Problem
Minimum Cost to Merge Stones
Approach
- First of all, we have to check if these given stones can be merged into one pile. The first time of merge is to remove
K piles of stones. The 2nd time of merge is to remove K - 1 piles and one pile merged from previous operation and so on. So, we only need to check if N - K is multiples of K - 1.
- Then, let dp[i][len] is the minimum cost to merge stones, stones[i, i + 1, …, i + len - 1].
- Initialize all elements in dp with Integer.MAX_VALUE that will be useful to get the minimum answer.
- Especially, if 1 <= len < K, dp[i][len] = 0. The reason of doing this is that when we calculate some dp, for example,
dp[i][len] = dp[i][part] + dp[i+part][len-part], in which the len is larger than K but smaller than 2*K - 1, some 0 values can be applied to the dp[i+part][len-part] and we can put the dp[i][part] value into dp[i][len]
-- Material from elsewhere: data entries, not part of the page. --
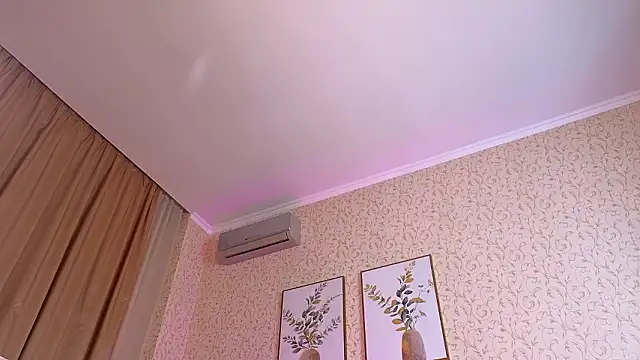 AveloriaLove's cam snapshot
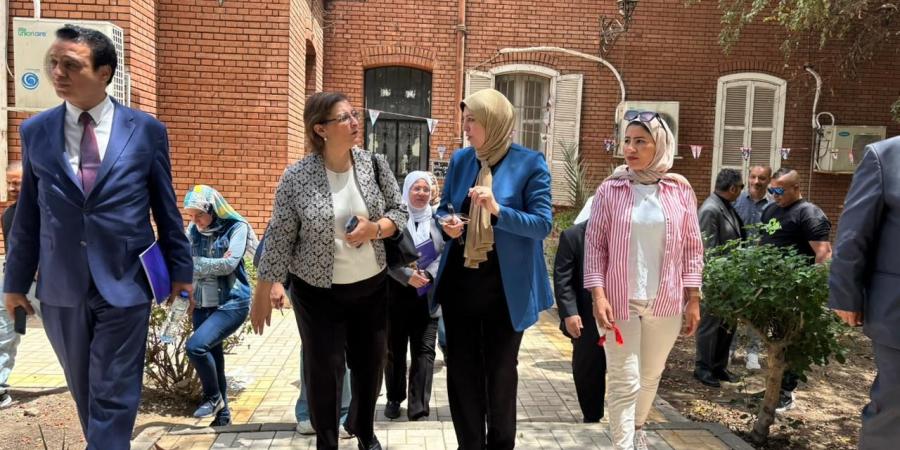 الصحة:
      وفد
      المجلس
      القومي
      لحقوق
      الإنسان
      يزور
      مستشفى
      العباسية
      للصحة
      النفسية
      ويشيد
      بالخدمات
      المقدمة - تكنو بلس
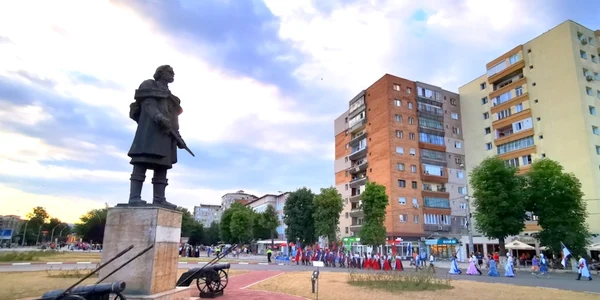 ioan de hunedoara statuie in hunedoara foto daniel guta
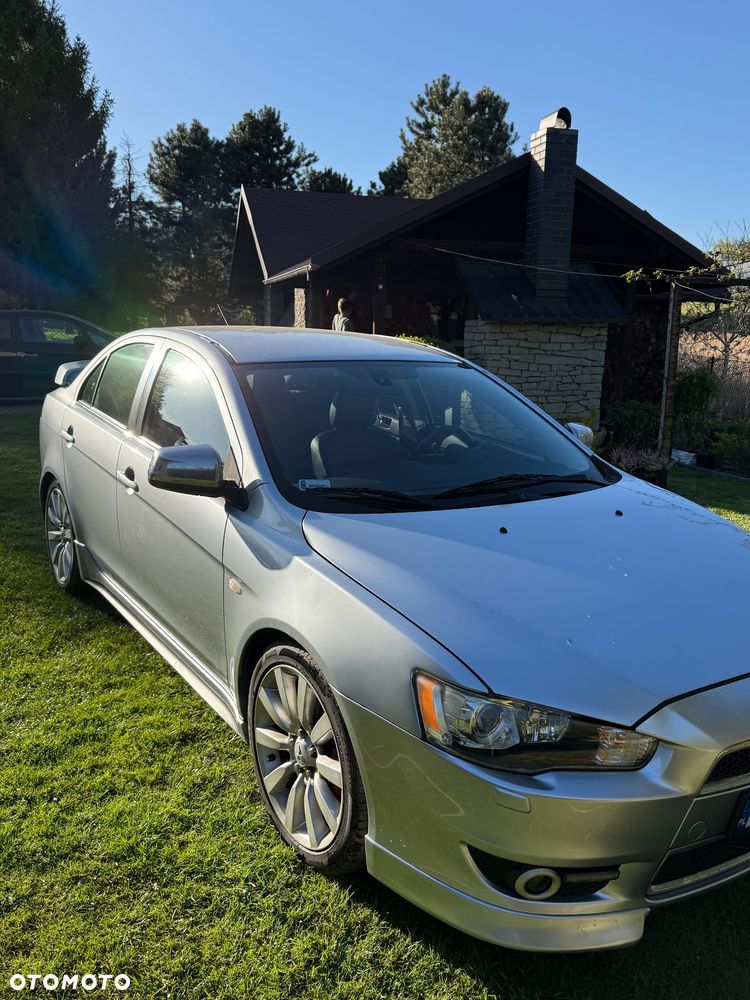 Mitsubishi Lancer - 9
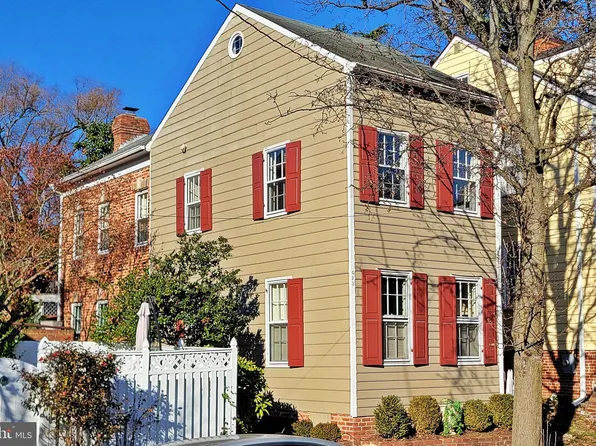423 S Pitt St, Alexandria, VA 22314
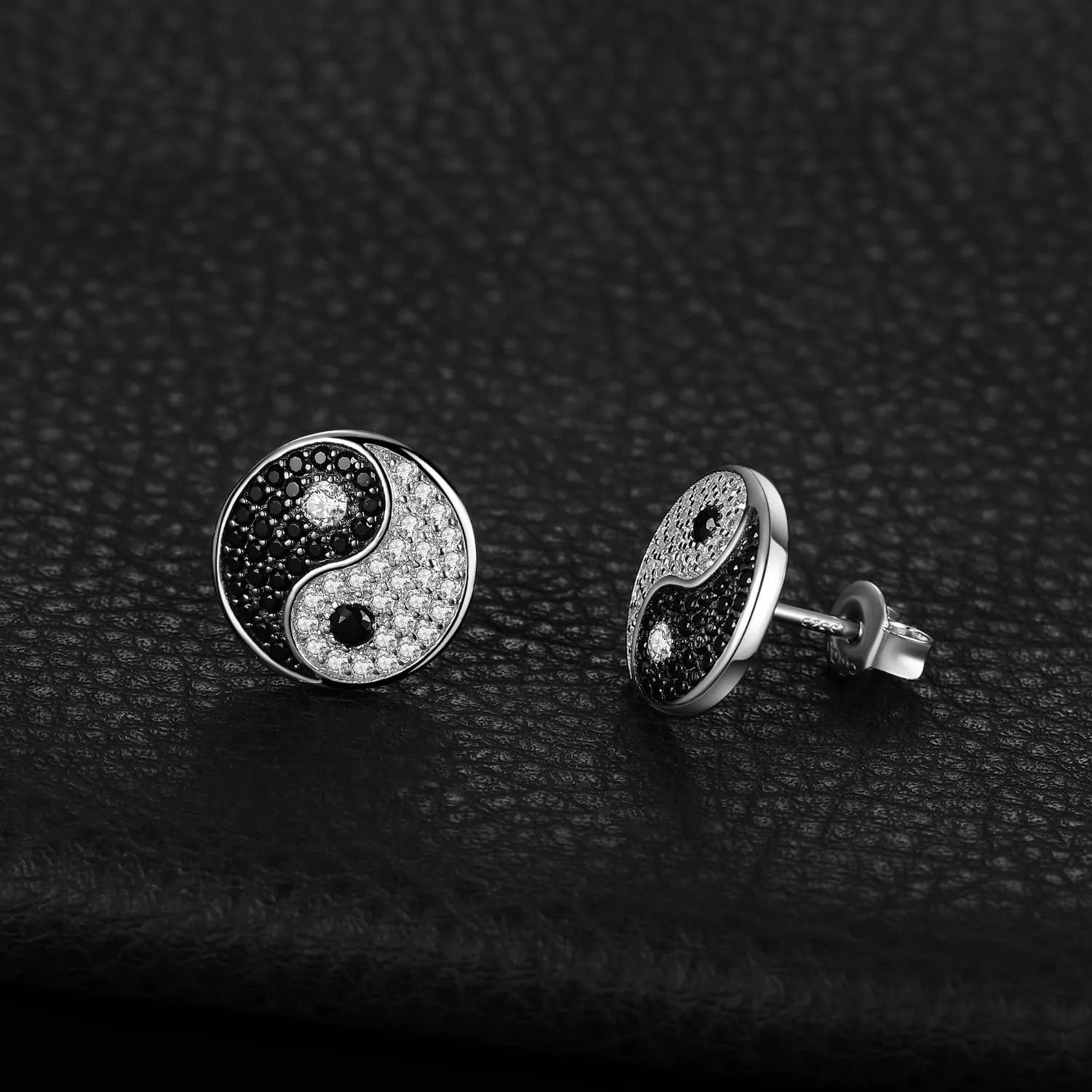 JewelryPalace Ying Yang Taichi Orecchini Bottone Spinello Nero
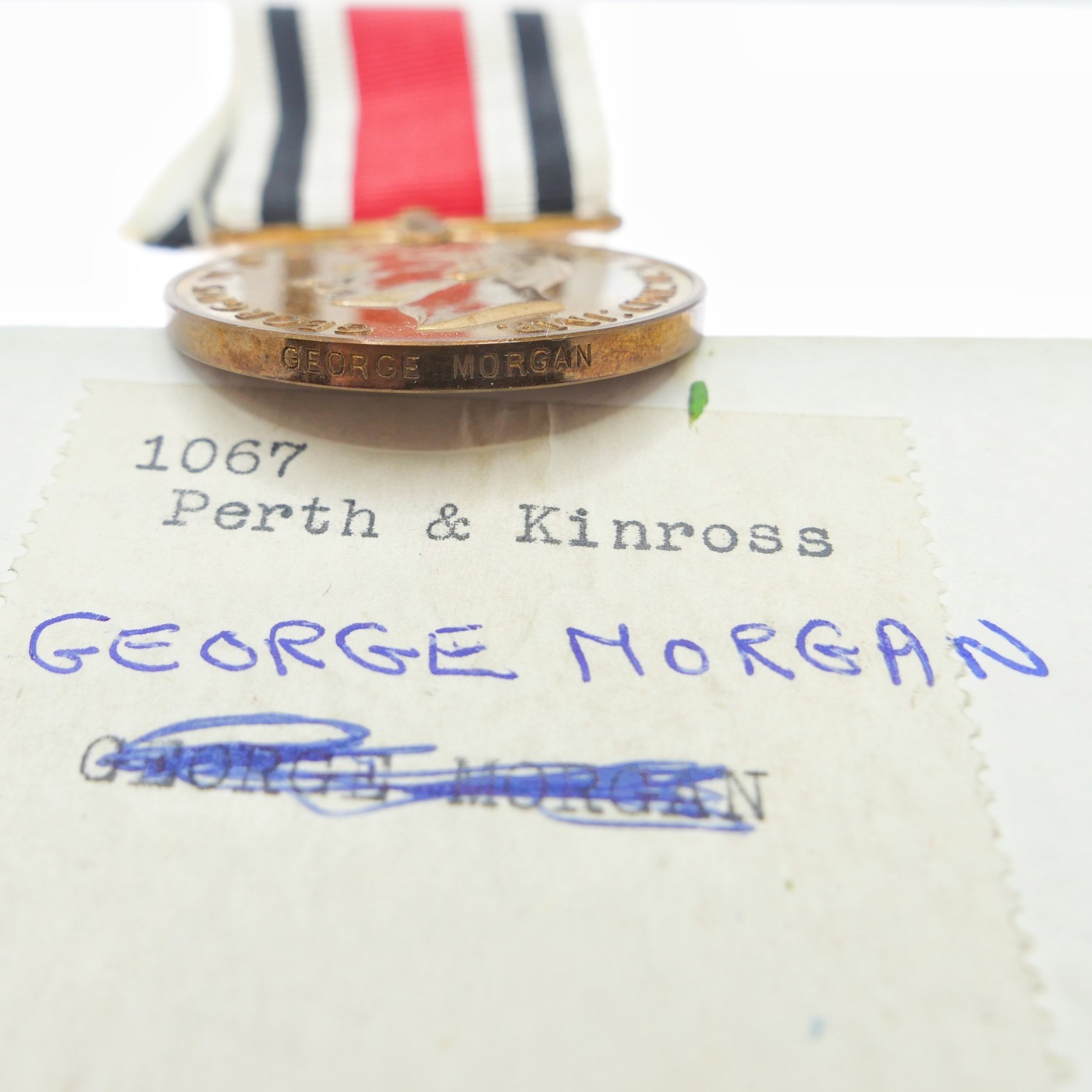 勋章奖章交易所9月23日拍卖 英国志愿警员长期服役奖章，原盒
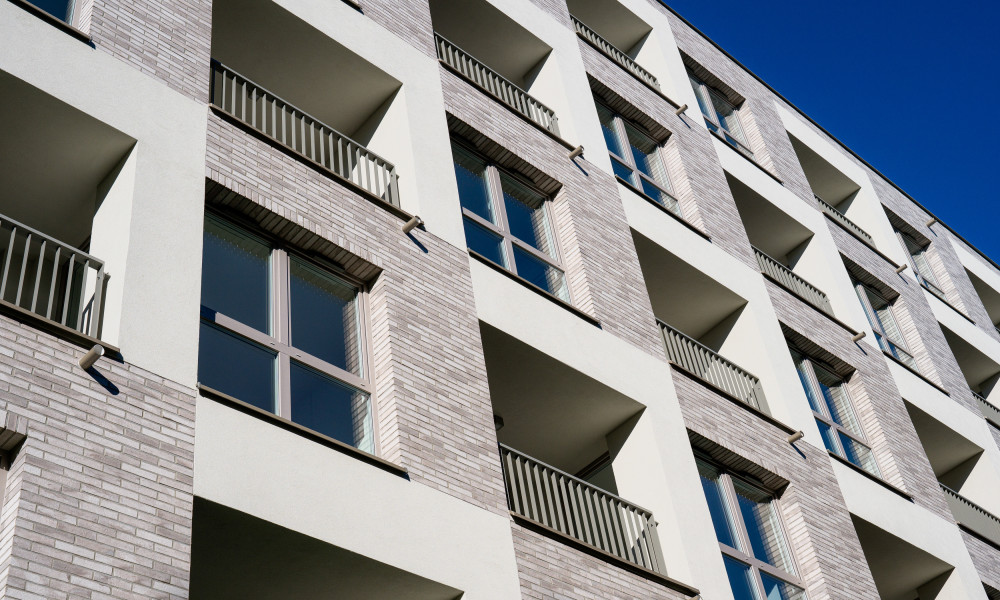 232405010014 Atal Aleja Pokoju Krakau PL Brick Loft Hellgrau 01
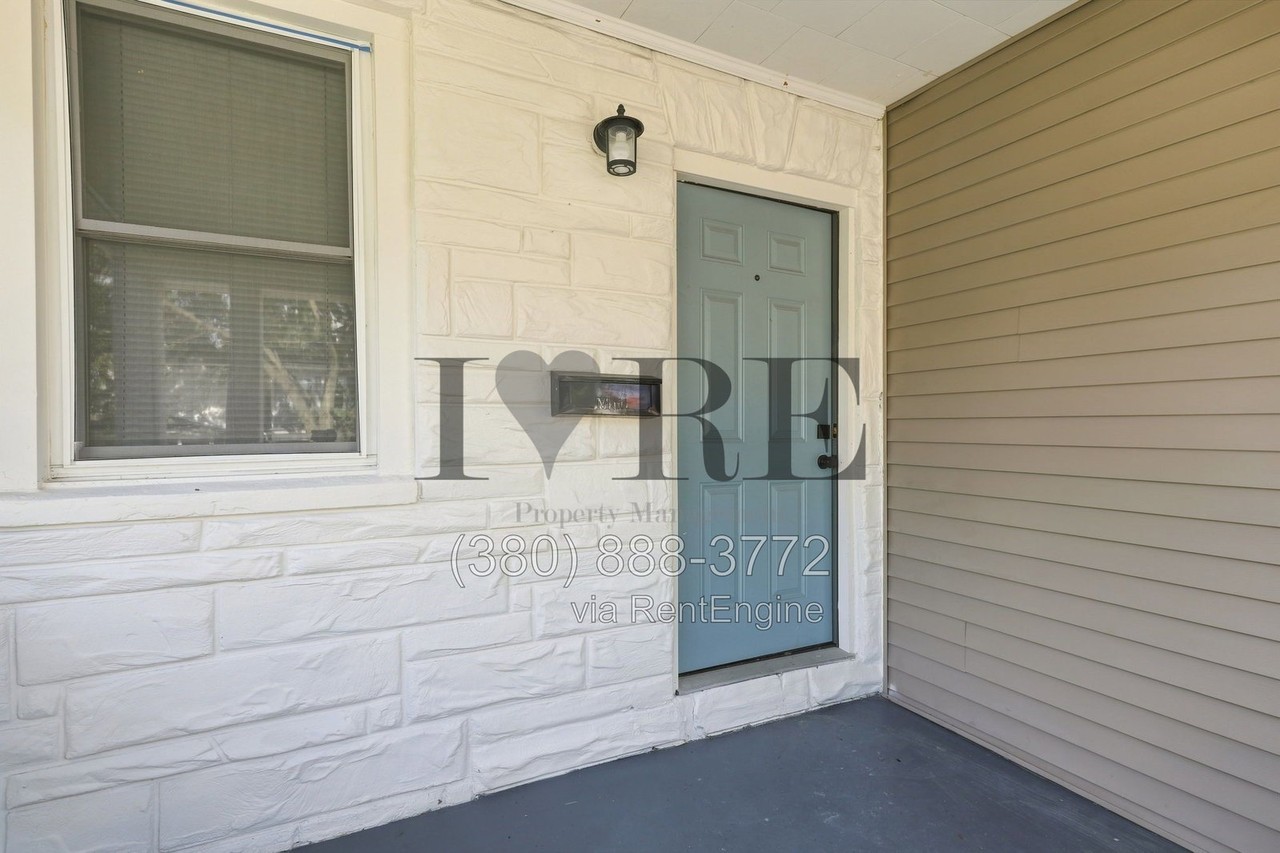 249 S Central Ave - Photo 3 of 43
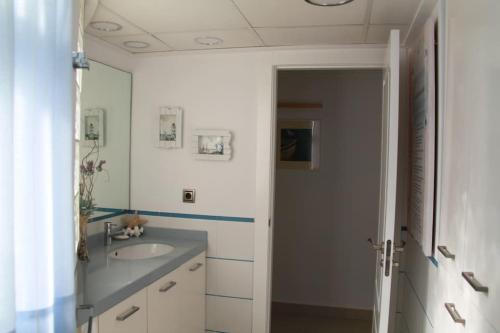 a bathroom with a sink and a mirror at Ático Dos Bahías in Águilas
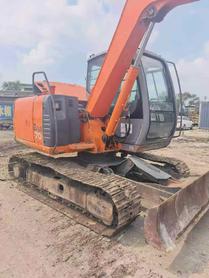 Buy Hitachi EX70 Used Excavator / 2 Buy Hitachi EX70 Used Excavator / 2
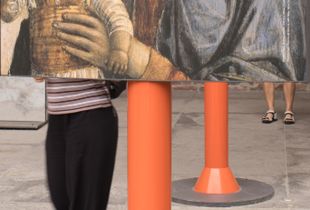 Moving art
- Then, dp[i][len] = min(dp[i][len], dp[i][span] + dp[i+span][len-span]), 1 <= span < len
- More imporantly, after update dp[i][len] by iteration over other dp, we have to put current cost, which is the sum from index
i to index i+len, into dp[i][len]
- Lastly, the answer is dp[0][N]
Code
class Solution {
public int mergeStones(int[] stones, int K) {
int N = stones.length;
if(N < K){
return 0;
}
if((N - K) % (K - 1) != 0){
return -1;
}
int[][] dp = new int[N][N + 1];
for(int i = 0; i < N; i ++){
for(int j = 0; j < N + 1; j ++){
dp[i][j] = Integer.MAX_VALUE;
}
}
int[] sum = new int[N];
sum[0] = stones[0];
for(int i = 1; i < N; i ++){
sum[i] = sum[i - 1] + stones[i];
}
for(int i = 0; ; i ++){
int j = i + K - 1;
if(j >= N){
break;
}
dp[i][K] = sum[j];
if(i >= 1){
dp[i][K] -= sum[i - 1];
}
}
for(int i = 0; i < N; i ++){
for(int j = 1; j < K; j ++){
dp[i][j] = 0;
}
}
for(int span = K + 1; span <= N; span ++){
for(int i = 0; i < N; i ++){
int j = i + span - 1;
if(j >= N){
break;
}
// from i to j inclusive
for(int k = 1; k < span; k += K - 1){
if(dp[i][k] < Integer.MAX_VALUE && dp[i + k][span - k] < Integer.MAX_VALUE){
dp[i][span] = Math.min(dp[i][span], dp[i][k] + dp[i + k][span - k]);
}
}
if((span - K) % (K - 1) == 0){
dp[i][span] += sum[j];
if(i >= 1){
dp[i][span] -= sum[i - 1];
}
}
}
}
return dp[0][N];
}
}